In the 11 states that offer same-sex couples marriage, civil unions, domestic partnerships or another legal status, more than 85,000 couples have taken advantage of these legal statuses, according to a study released last week by UCLA’s Williams Institute, which found that same-sex couples, when presented with the opportunity, jump at the chance to take advantage of it. The findings also shed new light on the current experience in California, where thousands of same-sex couples are reported to have already married.

“Marriage clearly gets the most enthusiastic response from same-sex couples, as we’re seeing in California,” explained co-author M. V. Lee Badgett, research director of the Williams Institute and director of the Center for Public Policy and Administration at the University of Massachusetts Amherst. “In Massachusetts, 37 percent of gay and lesbian couples got married within the first year that marriage was available, but only one in ten gay couples registered a civil union or domestic partnership in the first year after the introduction of those statuses.”

The study predicts that if every state offered marriage to same-sex couples today, approximately 370,000 couples would marry in the next three years. Last week, Mass. Gov. Deval Patrick signed a bill repealing his state’s 1913 law that prohibited out-of-state same-sex couples from getting married in Massachusetts if their home state would not recognize such a marriage. Over the next three years, thousands of couples from around the country are expected to get married in Massachusetts.

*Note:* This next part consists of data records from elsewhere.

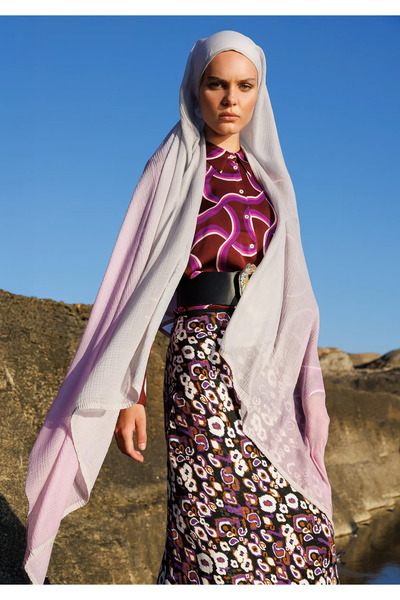 Mooncorn Gradient Muslin Shawl Lilac
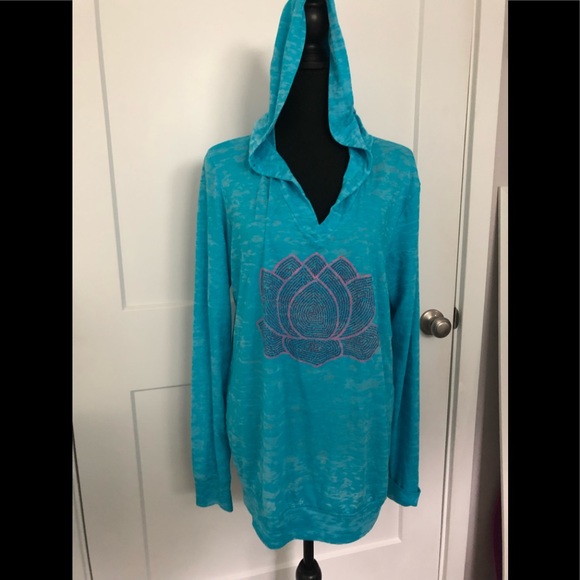 Tops - Think Positive tunic length hoodie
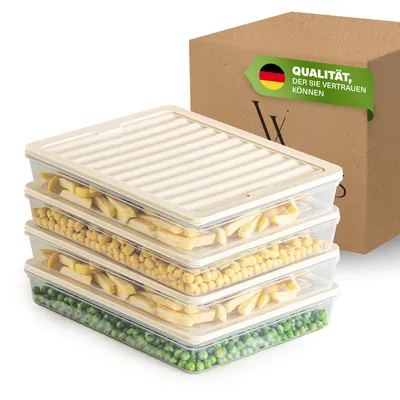 Produktbild von Viwares Stapelbare Gefrierdosen 4er Set, Gefrierfach & Kühlschrank Organizer mit Deckel, Frostfest bis -25°C, Wiederverwendbare Frischhaltedosen, Lebensmittel frisch und geruchsfrei lagern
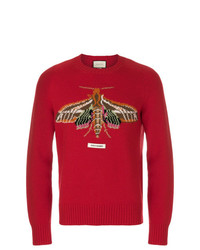 Maglione girocollo stampato rosso di Gucci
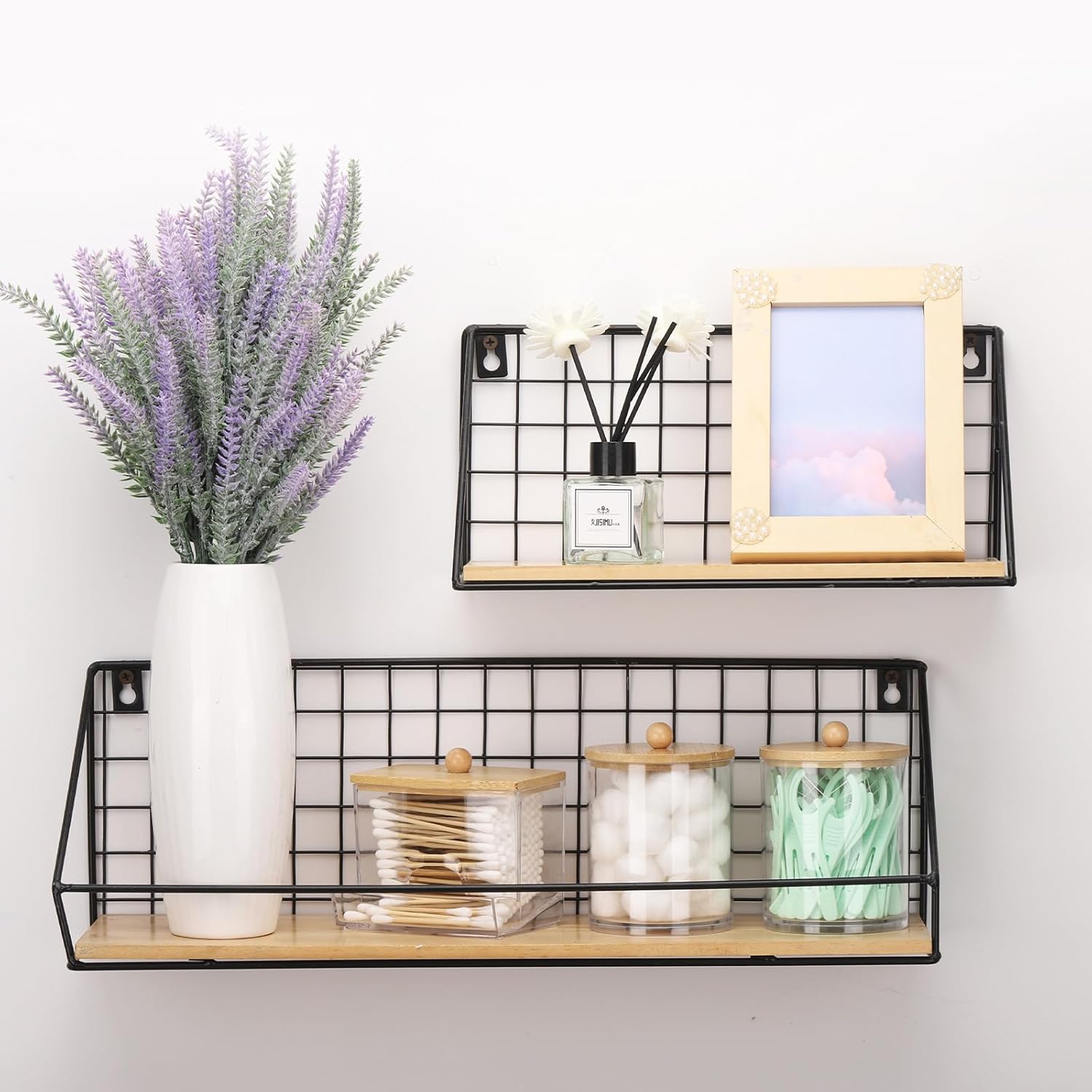 Tbestmax Cotton Swab Dispenser - Stylish Bathroom Organizer with Bamboo Lid | 10/12 oz Apothecary Jar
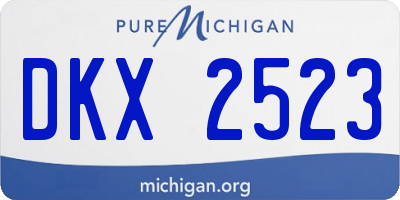 MI license plate DKX2523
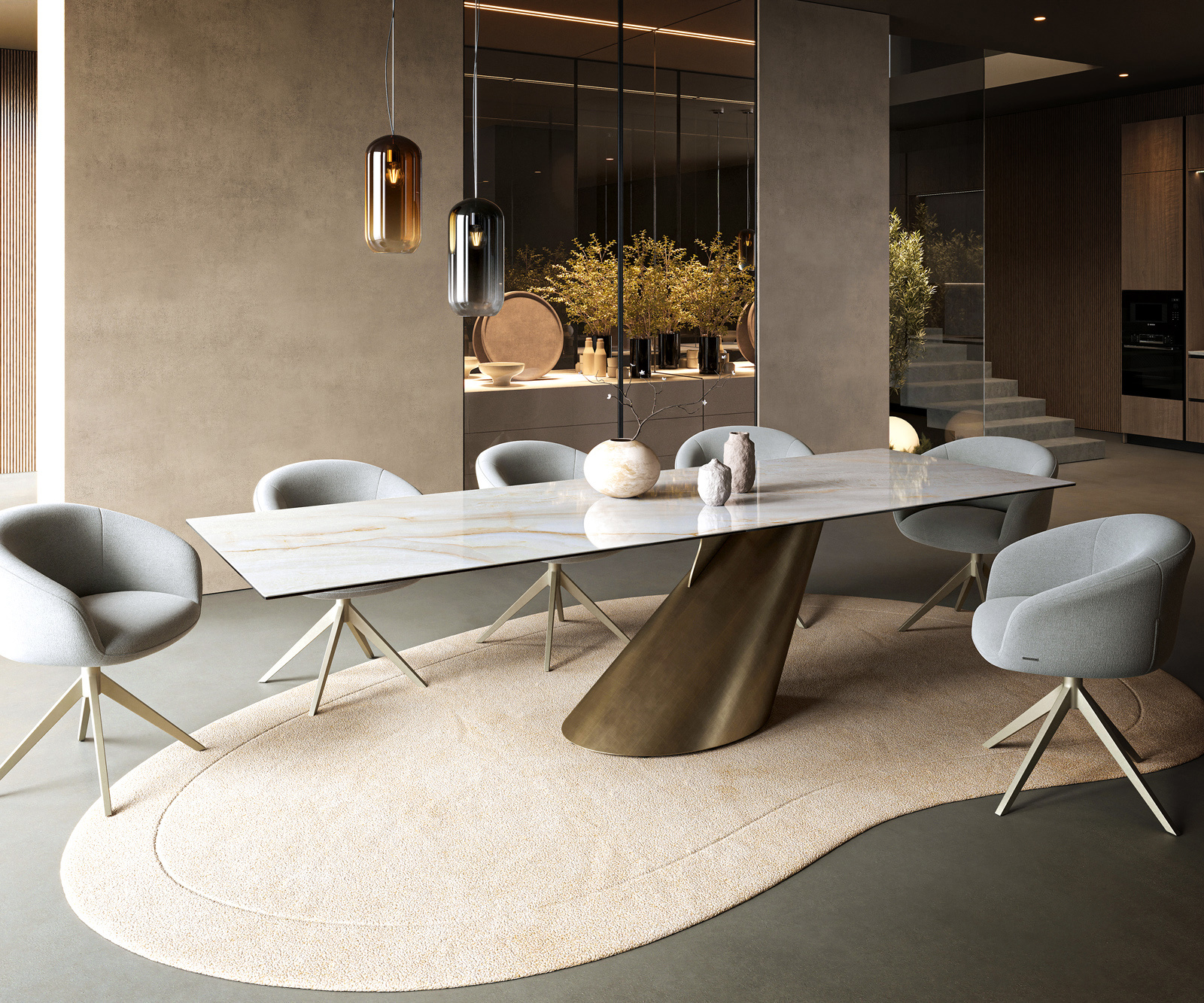 Jedálenský stôl Edge 300×100 cm keramika onyx perleťový kužeľ metalická zlatá - Image 7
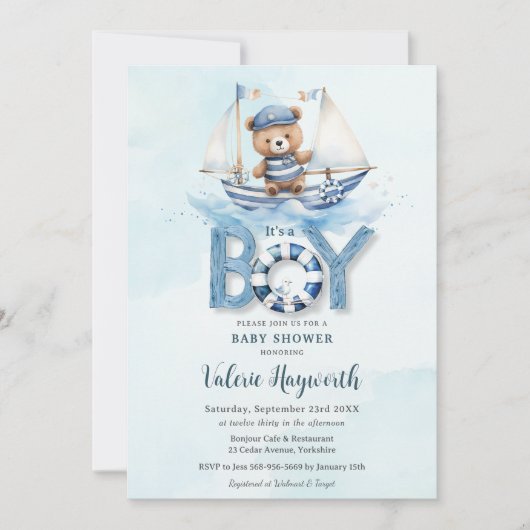Schattigee nautische blauwe boot teddybeer jongen  kaart (Voorkant)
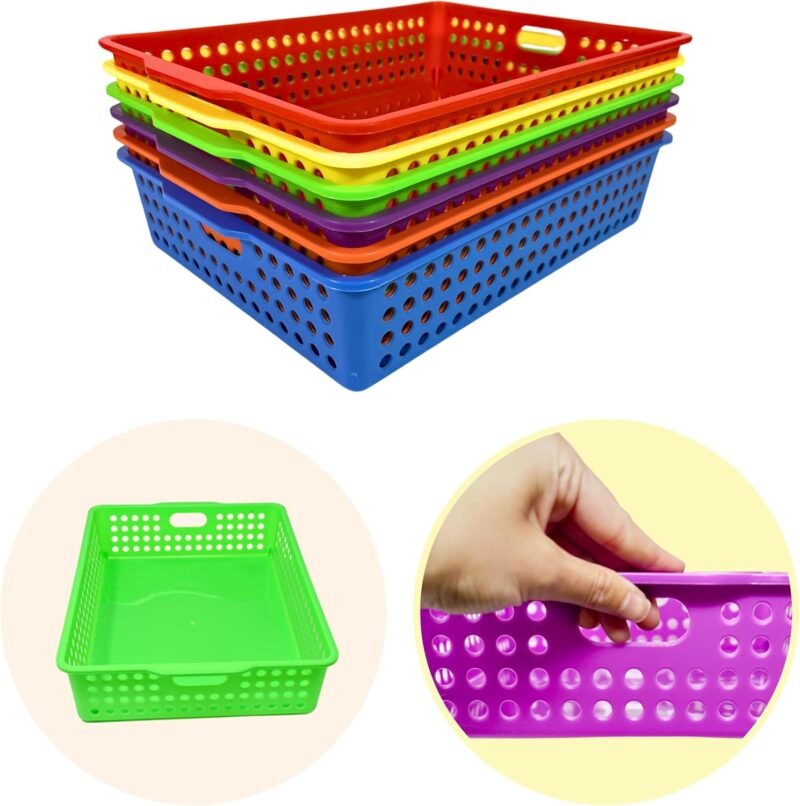 4E's Novelty 6 Pcs Colorful Plastic Classroom Storage Bins 13.75" X 10.25" for Organizing A4 Papers Trays, Turn In Containers Kids School Teachers Classroom Organization & Storage Supplies - Image 6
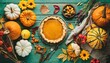 autumn thanksgiving moody background with pumpkin pie different pumpkins fall fruit and flowers on green rustic wooden table flat lay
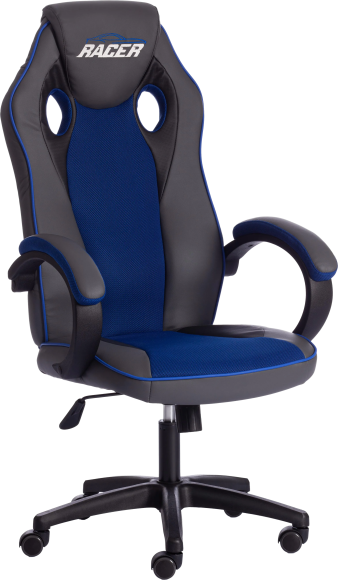 Игровое кресло TetChair Racer GT new кожзам металлик 36, ткань синяя 10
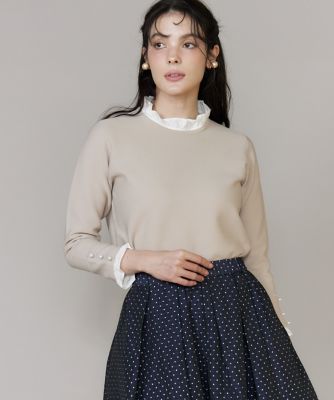 ＜Maglie le cassetto L (Women/大きいサイズ)＞《大きいサイズ》フリルドッキングニットプルオーバー（５１６１１７０８０２）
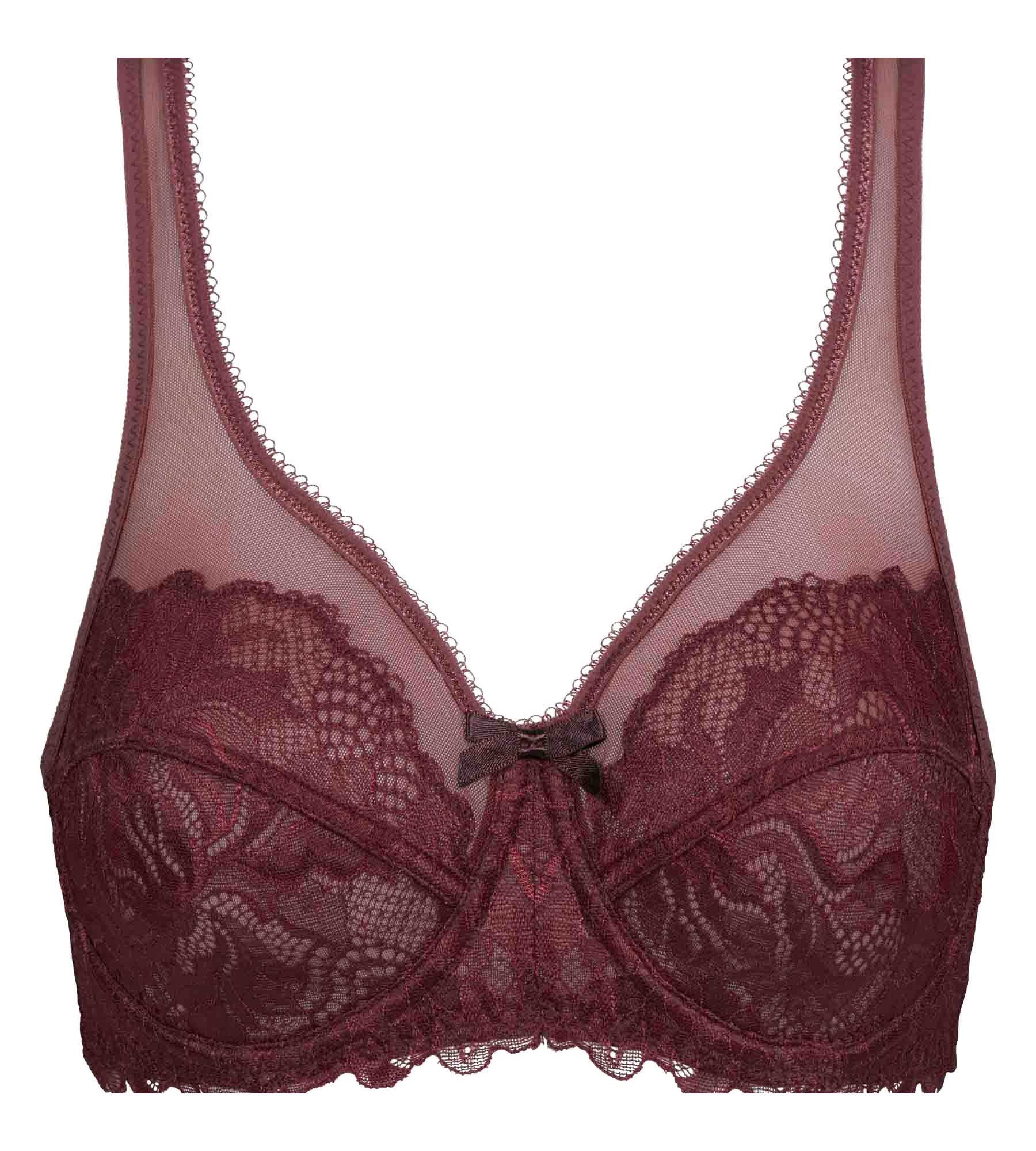 DIM Reggiseno a incastro in pizzo rubino scuro Generous Essentiel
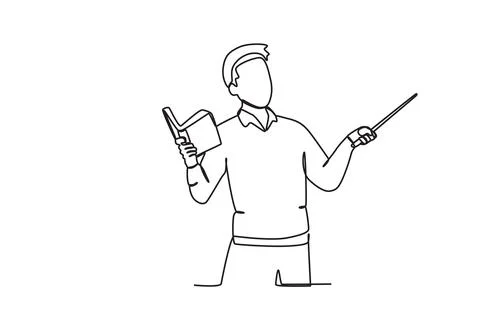 A teacher explains a lesson to a student happily Stock Illustration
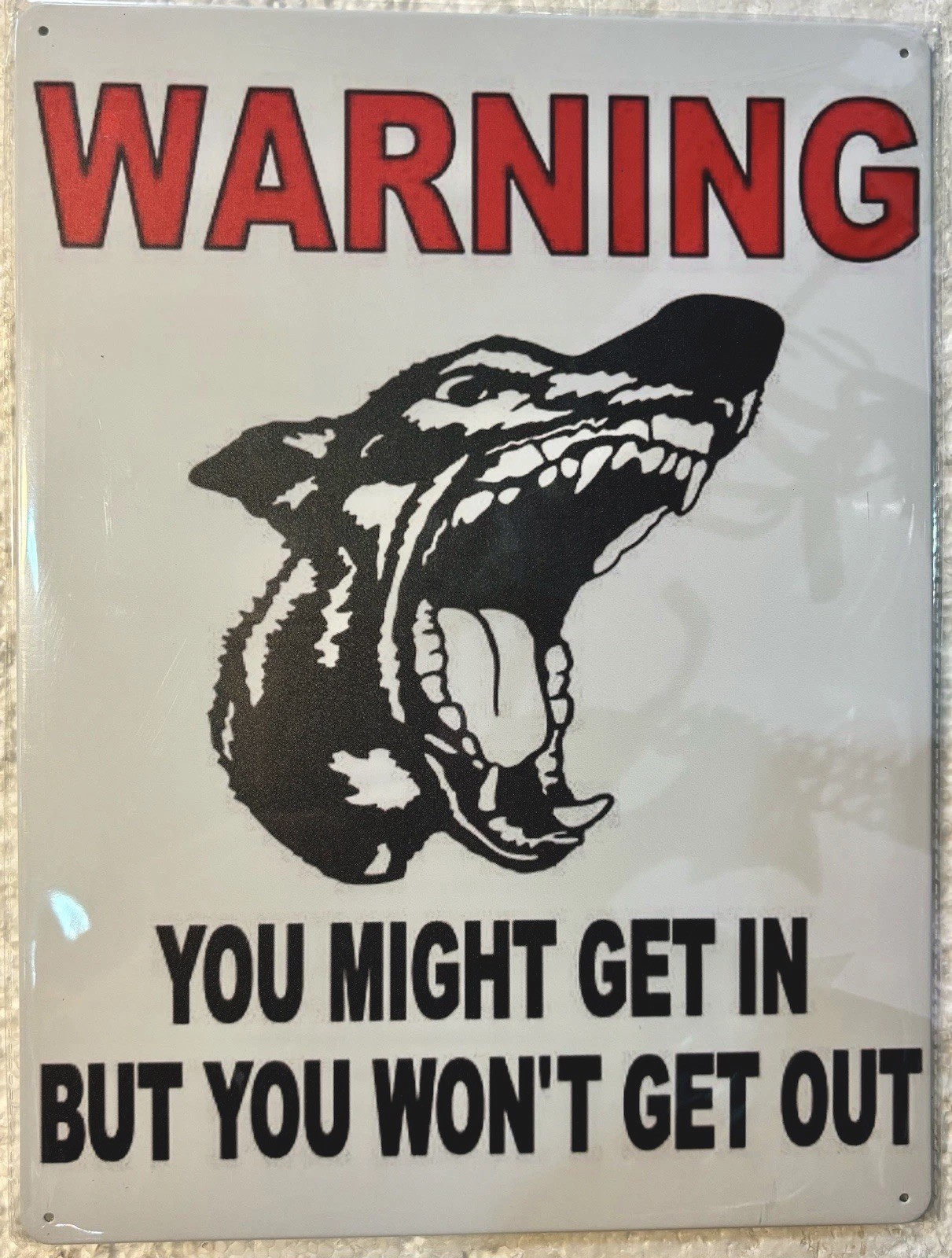 FREE SHIPPING BUY or make OFFER B4 it’s SOLD Warning Dog 12x16 TIN SIGN #70
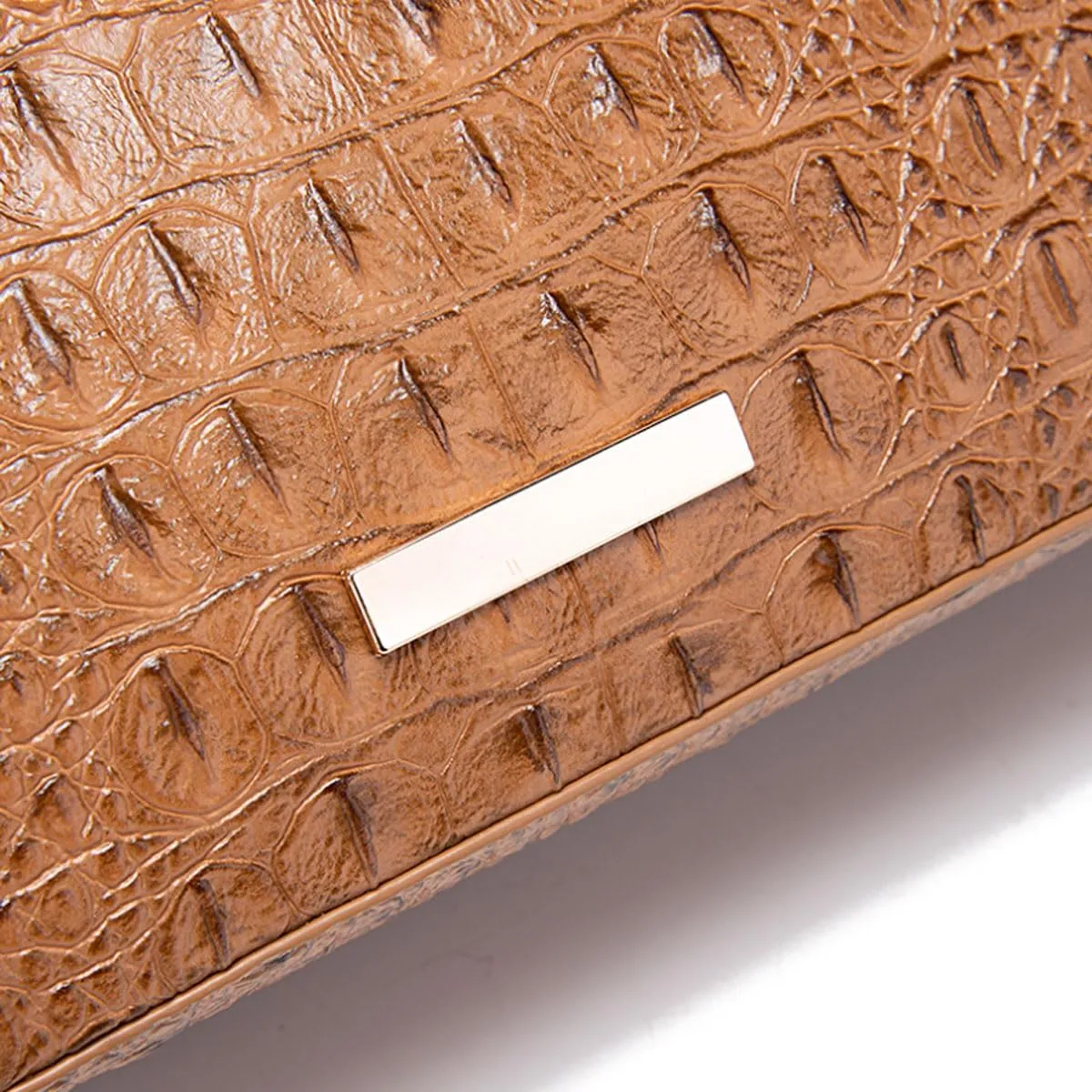 Crocodile-Embossed Pattern Handbag for Women Leather Purse Classy Tote Top-Handle Satchel Ladies Shoulder Bag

“Not only are same-sex couples getting legally partnered, but their relationships are just as stable as marriages of different-sex couples,” added co-author Gary Gates, senior research fellow of the Williams Institute. “Only 1 percent to 3 percent of same-sex couples dissolve their legal relationships each year, which is comparable to the 2 percent of those in different-sex marriages who divorce annually.”

The data also show that same-sex couples who marry or register are more likely to be female couples than male couples, and same-sex couples tend to be younger than existing different-sex married couples.